Bu yükün altından kalkmak ve bu sorumluluğu yerine getirmenin yolu da:
„Barzani Kürtleri oyalıyor.“
„Barzani de bağımsızlığı siyasi bir kart olarak kullanıyor.“
„Barzani her gün yeni bir gerekçe ile bağımsızlığı erteliyor“ türünden suçlamalarla hareket etmek değildir. Aksine bağımsızlık karşıtı olan Kürtlerin bu konuda ikna edilmeleri için çaba sarf edilmeli ve kararan ufukları aydınlatılmalı.
Bu yapıldığı takdirde, ufukta görünen Kürdistan bir bütün olarak Kürt halkının ortak bir talebi haline gelir ki, bunu da, ne bir dış ne de bir iç gücün bu süreci ertelemesine ya da engel olmasına gücü yetecektir.
Ancak üzülerek belirtmek gerekir ki, ulusal kimliklerini ölümcül kılan kimi Kürtler tam da kendilerinden beklendiği gibi hareket ediyor, bağımsızlığa karşı olan Kürtlerin ruh hallerini sorgulayacaklarına, bağımsızlığı isteyenlerin niyetlerini sorgulamakla, kendi ölümcül kimliklerine gerekçeler bulmaya çalışıyorlar.
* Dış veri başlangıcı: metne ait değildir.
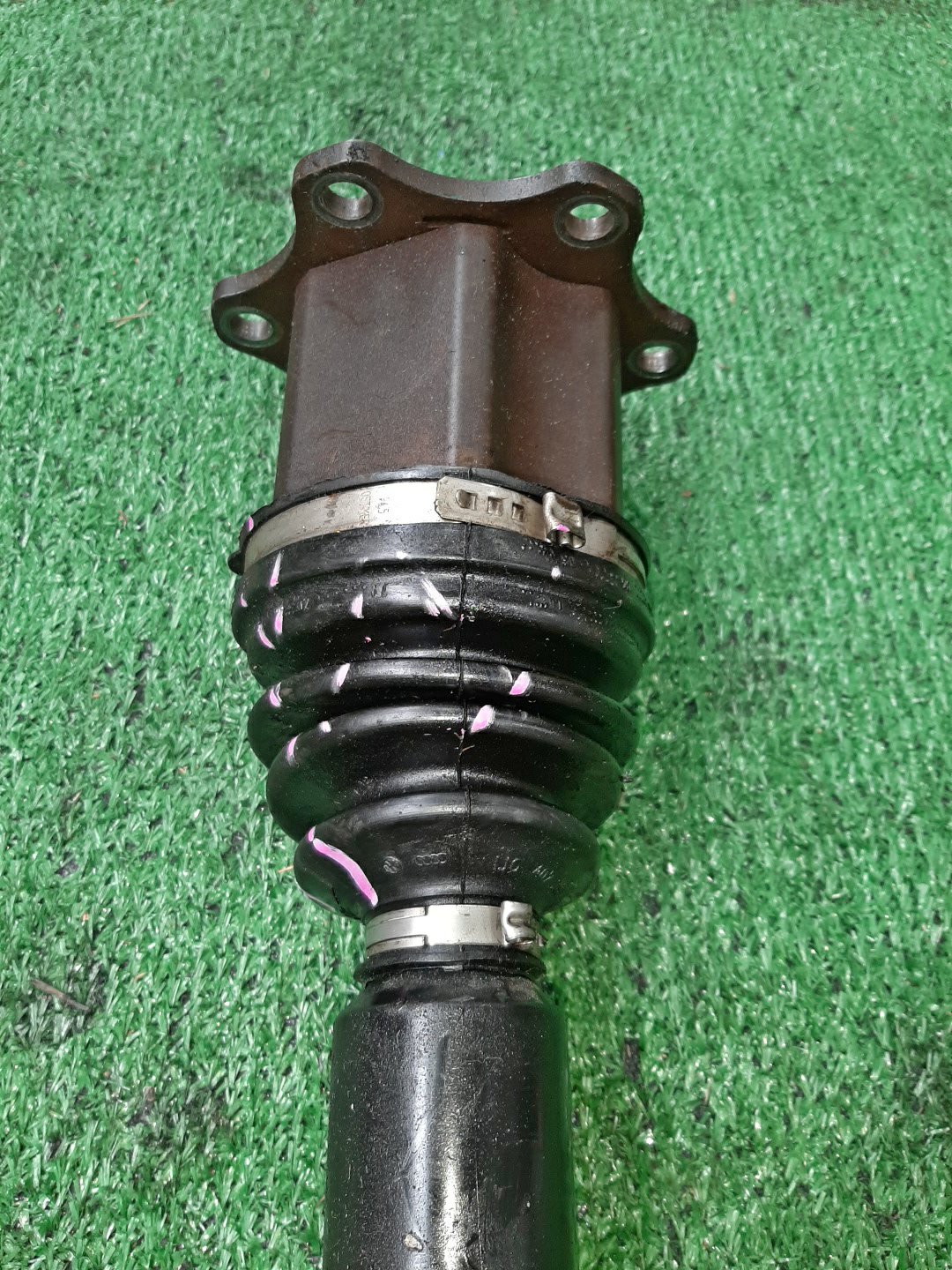 Привод правый передний VOLKSWAGEN GOLF 1J1 AUM 3 ракурс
Bu yöndeki tutum ve davranışları, başta belirttiğim gibi, bağımsız bir Kürdistan’ı hedefleyen Kürtlerin omuzladıkları yükü daha da ağırlaştırıyor, ufukta görünen Kürdistan’ın biran önce elle tutulur hale gelmesinin gecikmesine neden oluyor.